Неплохие сапоги, да и не очень изношены. На голенище одного сапога свежая царапина — явно след пули. Но это ничего не значит.

Темное — то ли от загара, то ли от грязи — лицо солдата Ахвена сморщилось в довольную улыбку. Свои десантские бахилы он бросил к ногам покойного.

Этот тихий теперь любитель поторговаться уже не просил придачи, как раньше на «берлинском базаре».

4

Солдат Каспери Ахвен пришел к капитану медицинской службы Кола. У порога он слегка выпятил живот, что должно было соответствовать стойке «смирно».

Капитан только что возвратился из трехмесячного отпуска. С Ахвеном они старые знакомые. Уже с первых дней войны, вернее, с того времени, когда войну еще только ожидали, капитан запомнил это безвременно сморщившееся лицо и щупловатое тело, в котором угадывалась жилистость можжевельника.

Полевой госпиталь в пограничной деревне уже тогда был в полной готовности. Пустой дом ждал, ждали приготовленные койки. Кого? Это было тайной. Но можно было быть уверенным, что не будут пустовать ни дом, ни койки, пусть только мясорубка начнет вертеться!.. Несмотря на весь свой опыт, привычку и философский склад ума, доктор Кола немного нервничал.

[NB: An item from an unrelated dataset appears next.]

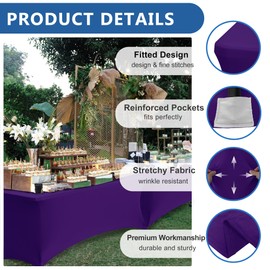 Enjoyidea Fitted Stretch Table Cover for 6 ft Rectangle Tables-8 Pack Dark Purple Spandex Tablecloth-Elastic Folding Tablecloths for Party, Vendor Booth Display, Banquet Buffet Event, Craft Trade Show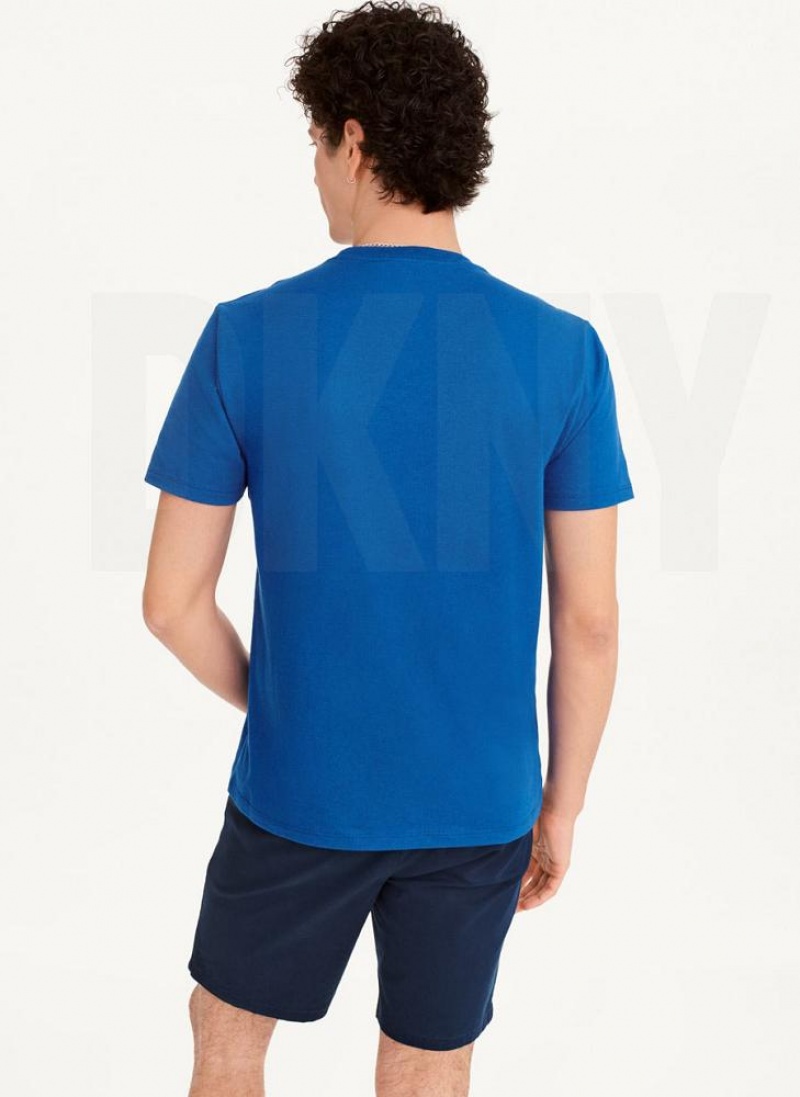 Blue Men's DKNY Exploded Logo Outline T Shirts | Australia-D1297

Конечно, в цивилизованном обществе должны быть припасены больничные койки для тех, кто заболеет или окажется жертвой несчастного случая. И койки заполняются с точностью, предсказанной статистикой. Но это совсем не то. Белые койки внушали доктору какое-то мрачное предчувствие: скоро мясорубка войны, должно быть, начнет крутиться.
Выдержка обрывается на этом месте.